Police consider Basri and Adrin the leader and number two in a gang behind 14 cases of violence in Central Sulawesi, including the beheadings of three Christian girls in 2005 and assassinations of Protestant ministers. Indonesians often use only one name.

Poso police spokesman Muhammad Tahir said the group had links to Jemaah Islamiah, a Southeast Asian militant network responsible for several attacks in Indonesia, including the 2002 Bali bombings that killed more than 200 people.

"They have the mission to make all of Poso Islam," he said, adding that the region currently has equal numbers of Muslims and Christians.

More than 2,000 people were killed in three years of sectarian violence between Muslim and Christian communities in the Poso region before a peace accord took effect in late 2001. There has been sporadic violence since, and prosecutions against those involved have been scarce.

Poso has been tense since the execution of three Christian militants in September over their role in the massacres of Muslims at a boarding school in 2000.

In January, 14 people, one of them a policeman, were killed during raids that involved gunfire between security forces and suspected Islamic militants.
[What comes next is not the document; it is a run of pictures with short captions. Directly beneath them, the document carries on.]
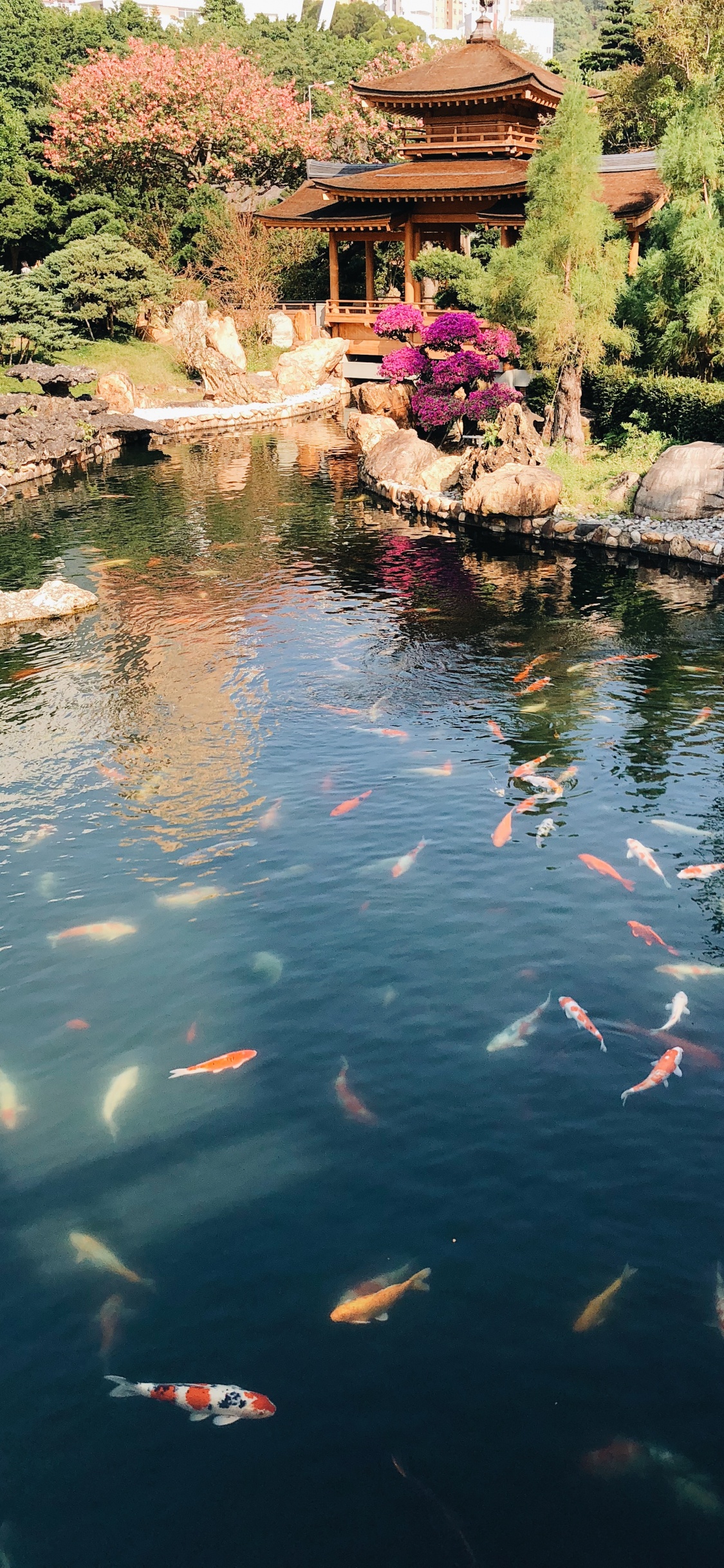 Обои отражение, плавательный бассейн, водоем, вода, кои в разрешении 1125x2436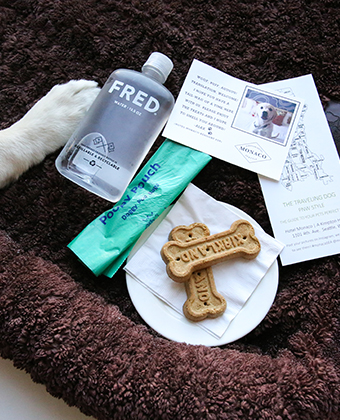Pet Friendly Amenities at Kimpton Seattle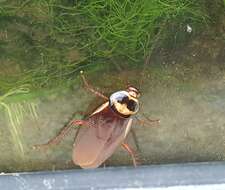 Image of Australian cockroach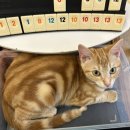 캣카페 집사의하루 분당점 이미지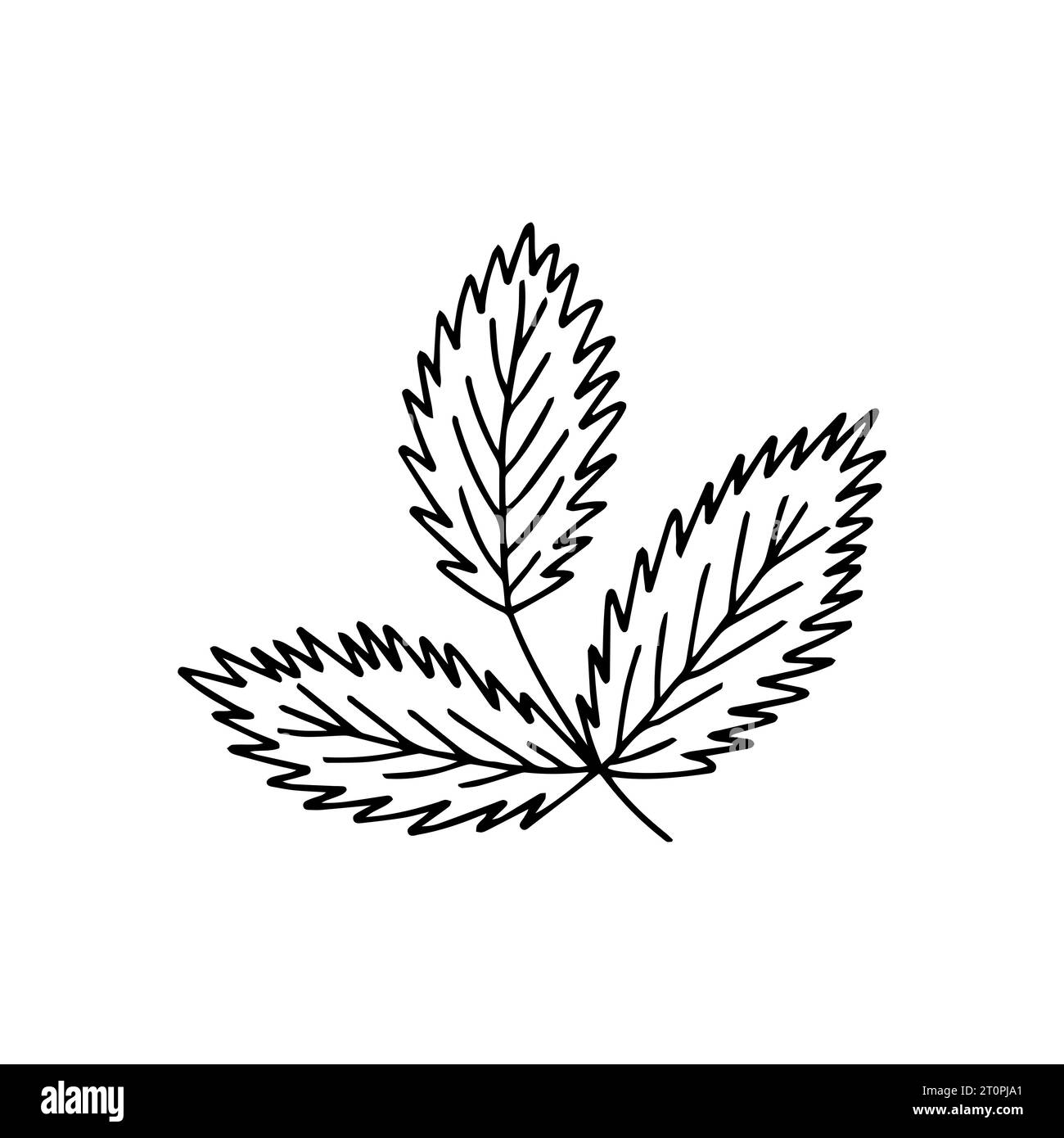 Doodle beech leaf vector sketch Stock Vector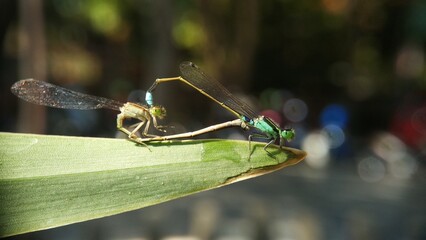 Needles dragonfly are doing mating in nature
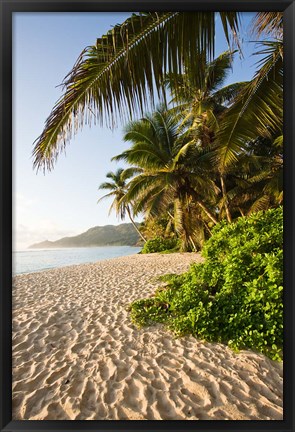 Framed Seychelles, Mahe Island, Anse Marie-Louise, dawn Print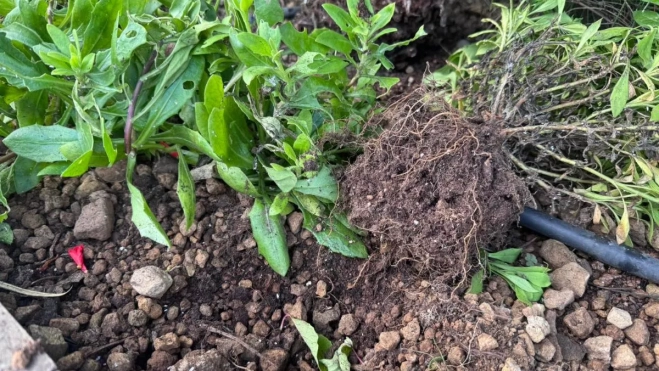 Raíces de una planta arrancada en una fotografía compartida por el Ayuntamiento de Santa Úrsula. /Redes Raíces de una planta arrancada en una fotografía compartida por el Ayuntamiento de Santa Úrsula. /Redes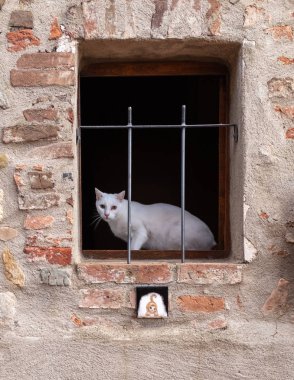 Bir pencerenin demir parmaklıklarından bakan beyaz bir kedi.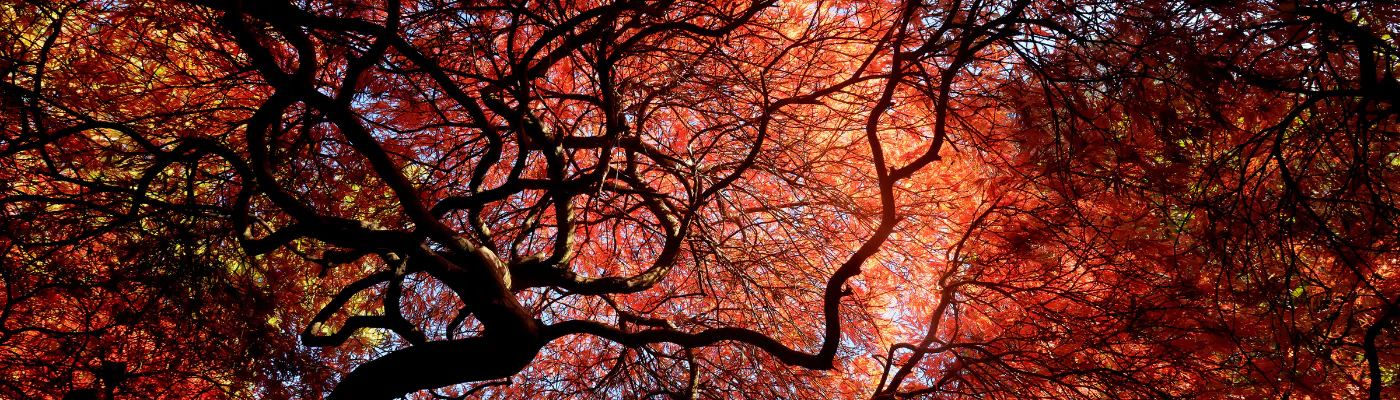 Photo of a tree with branches intertwined and bright red leaves taken from below on the ground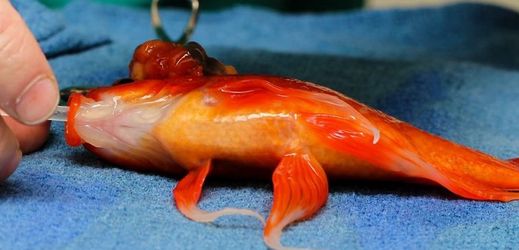 Zlatá rybka jménem George přežil obtížnou operaci mozku.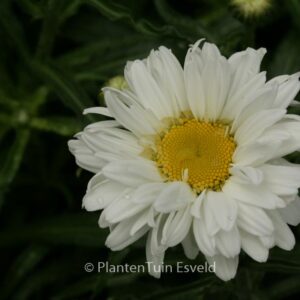 Leucanthemum 'Victorian Secret'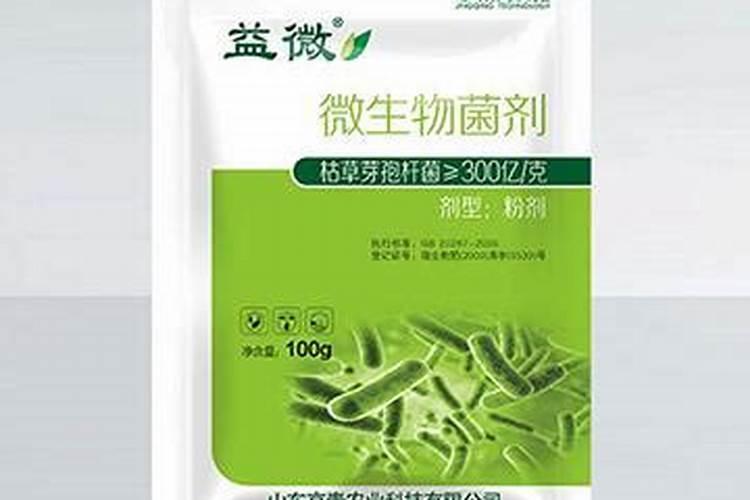 油菜施什么样的硼肥最好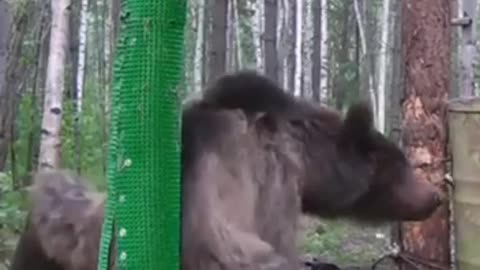 Twerking grizzly bear 🤣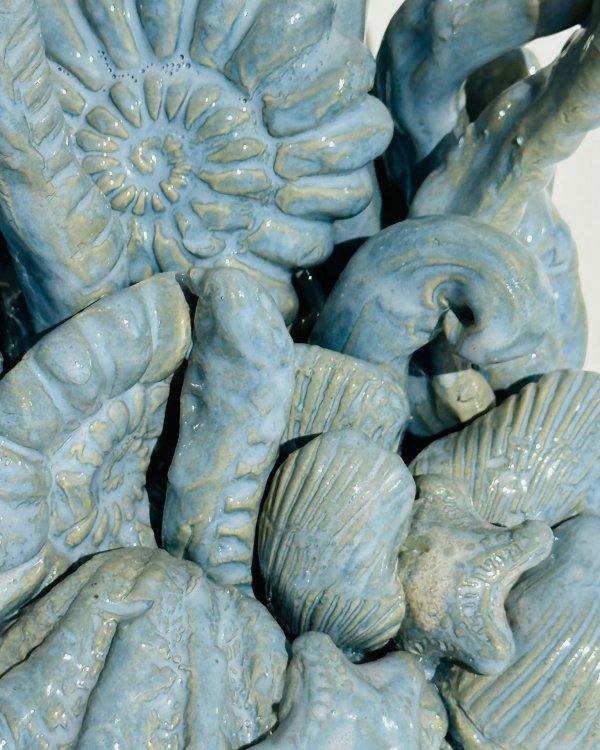 Ocean Shell Harmony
Police defended the tactics as necessary to capture wanted criminals who try to hide behind the local Muslim community. Indonesia's president and other high ranking officials have supported the police actions while rejecting criticisms the operations were anti-Muslim.

Around 85 percent of Indonesia's 220 million people follow Islam, giving the country the world's largest Muslim population. Most Indonesian Muslims are moderates but there is a radical fringe that has been increasingly vocal and media-savvy.